• Task description
Only one stretch of the data should be retyped: the lines from the line containing "crp-12703 1940 Victor" through the line containing "настолен немски циркуляр". Keep pictures out of it.

• Supplied data
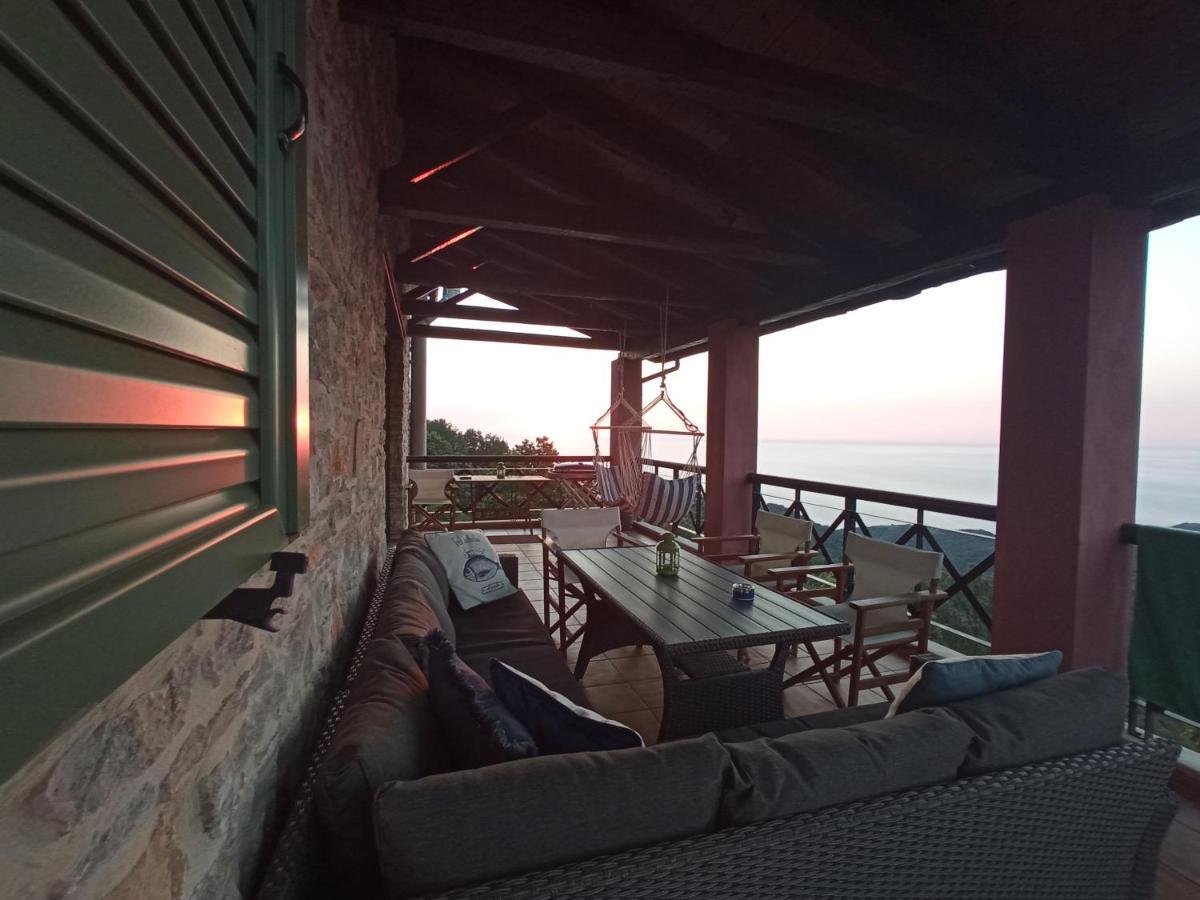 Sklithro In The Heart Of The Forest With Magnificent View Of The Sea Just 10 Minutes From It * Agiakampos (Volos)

---

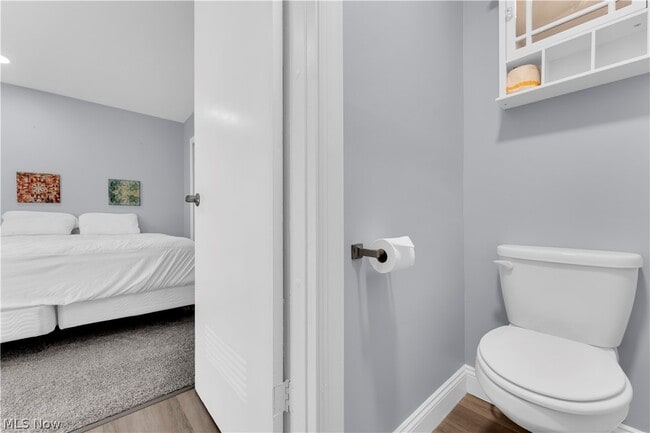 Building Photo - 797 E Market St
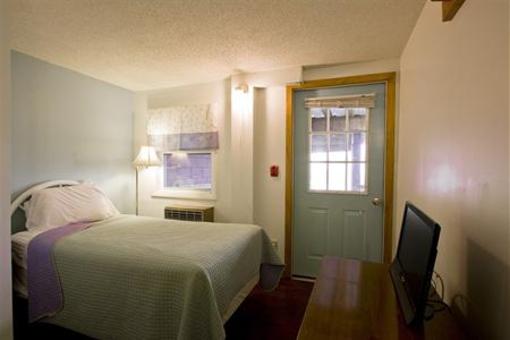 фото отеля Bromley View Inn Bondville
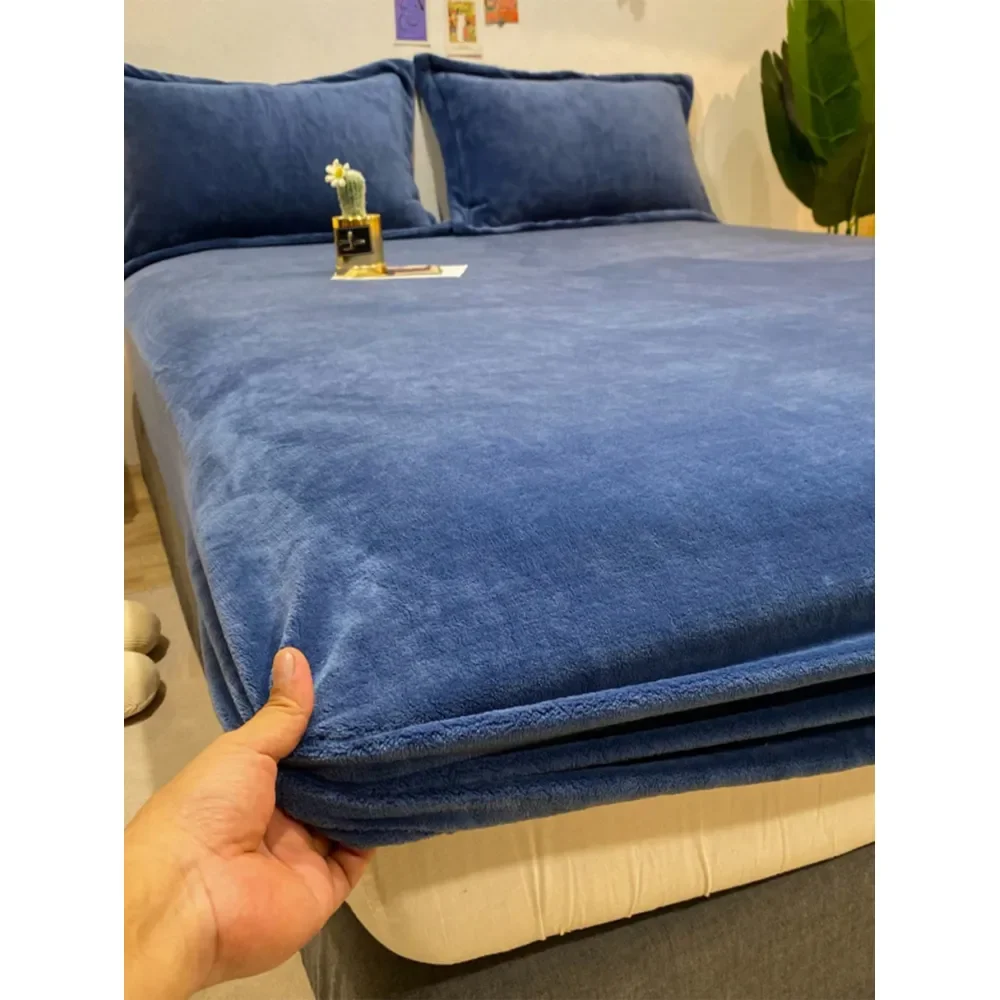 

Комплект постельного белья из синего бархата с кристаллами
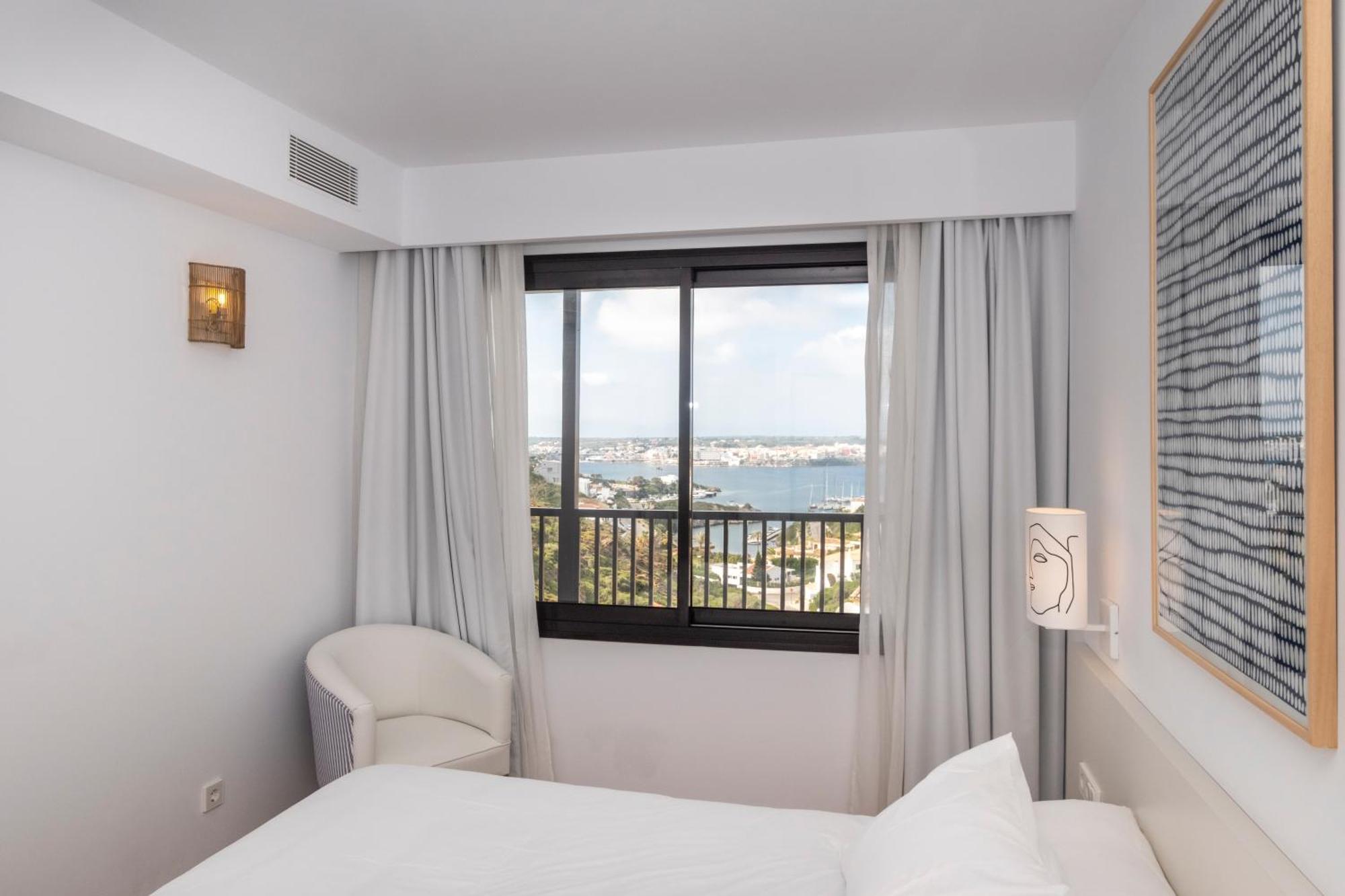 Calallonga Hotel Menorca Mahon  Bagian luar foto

...

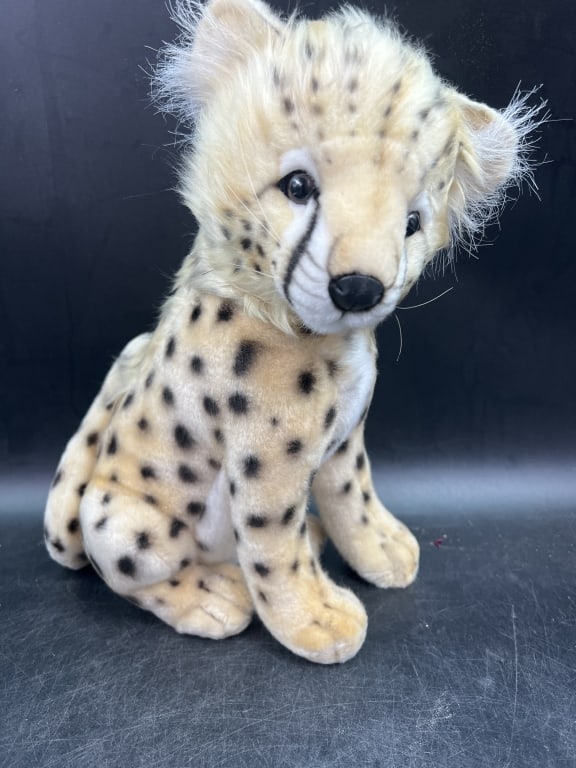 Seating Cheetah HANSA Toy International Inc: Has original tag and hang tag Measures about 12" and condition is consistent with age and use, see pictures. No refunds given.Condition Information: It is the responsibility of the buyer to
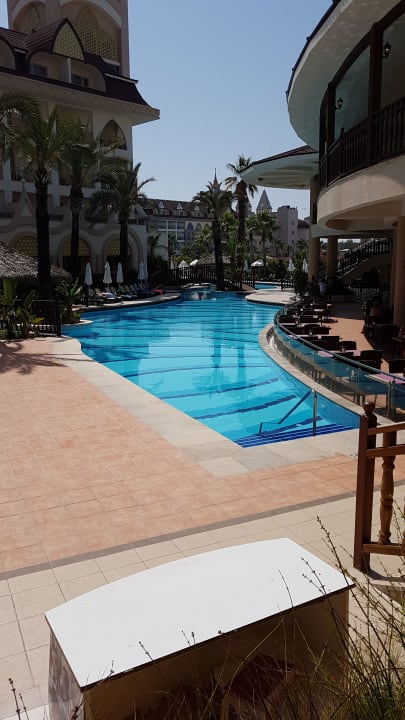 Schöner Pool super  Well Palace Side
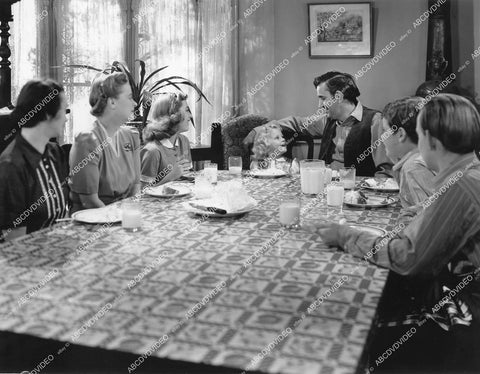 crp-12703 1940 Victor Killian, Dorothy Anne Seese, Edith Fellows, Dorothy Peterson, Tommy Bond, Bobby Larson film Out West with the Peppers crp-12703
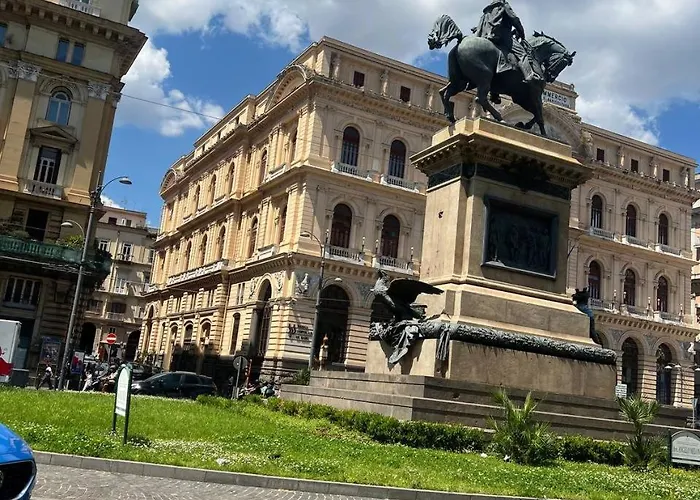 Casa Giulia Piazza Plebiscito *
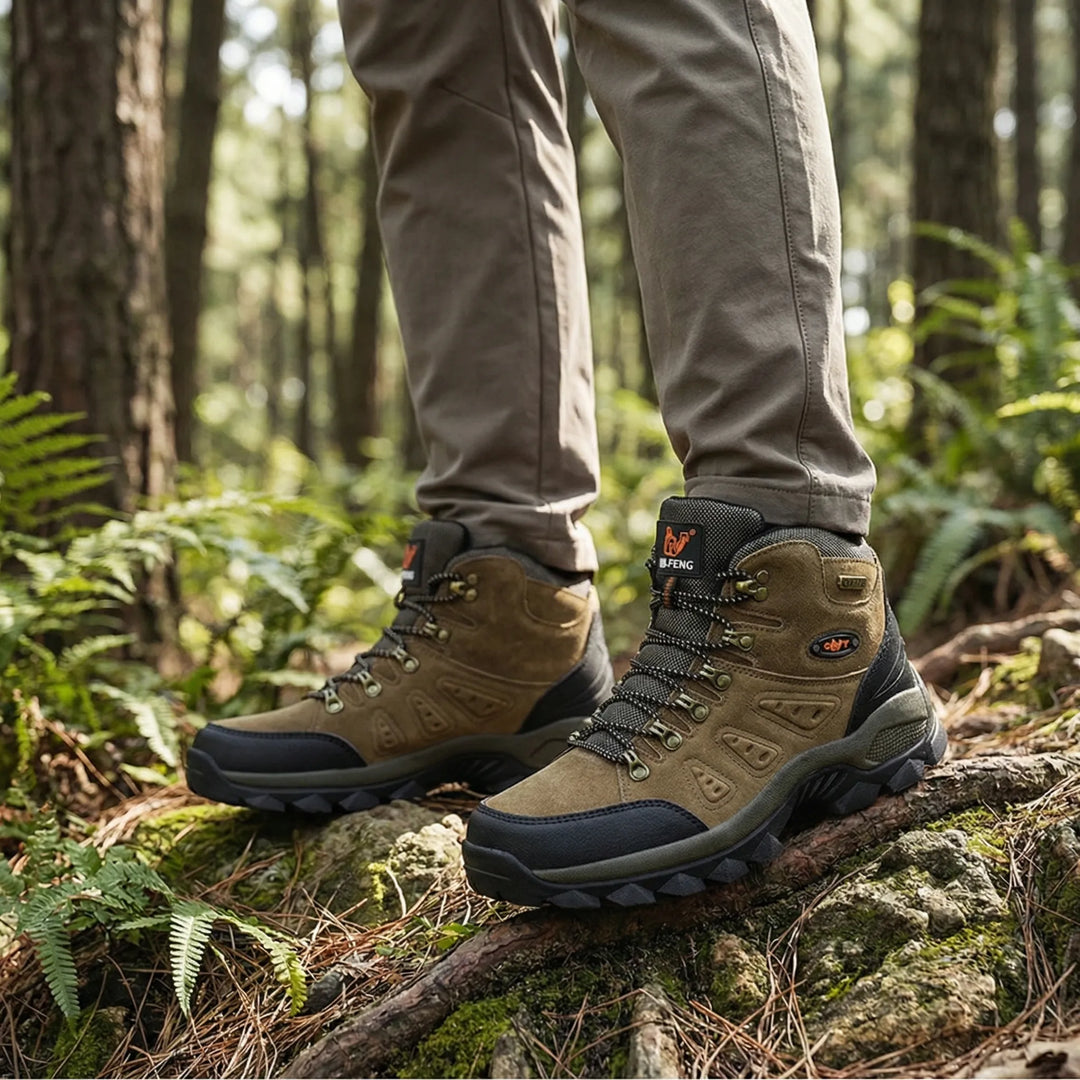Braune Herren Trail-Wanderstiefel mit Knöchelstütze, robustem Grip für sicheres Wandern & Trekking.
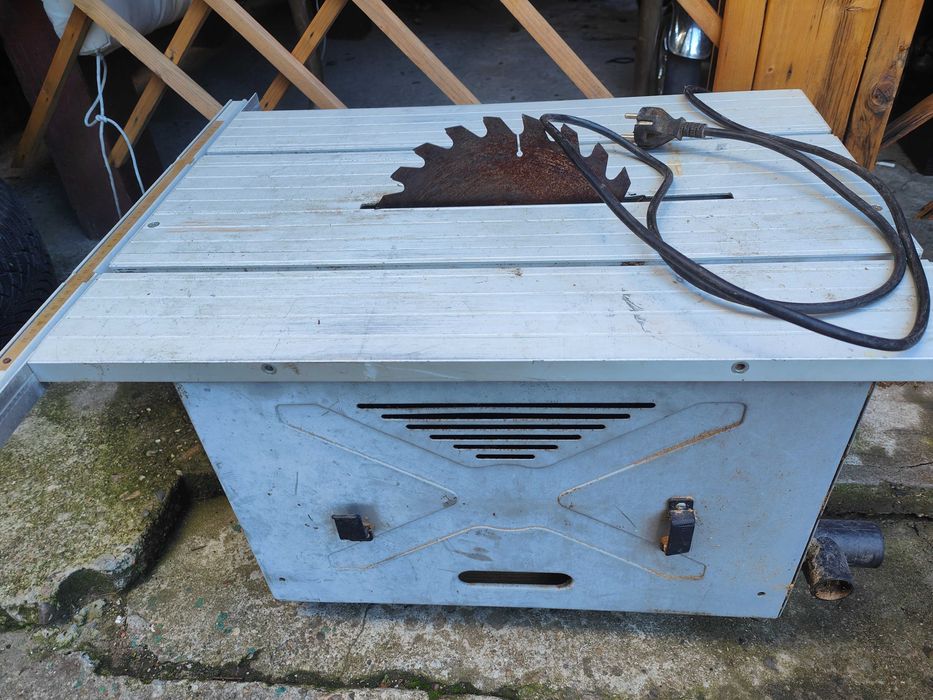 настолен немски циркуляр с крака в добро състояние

• Exercise output
 crp-12703 1940 Victor Killian, Dorothy Anne Seese, Edith Fellows, Dorothy Peterson, Tommy Bond, Bobby Larson film Out West with the Peppers crp-12703
 Casa Giulia Piazza Plebiscito *
Braune Herren Trail-Wanderstiefel mit Knöchelstütze, robustem Grip für sicheres Wandern & Trekking.
 настолен немски циркуляр с крака в добро състояние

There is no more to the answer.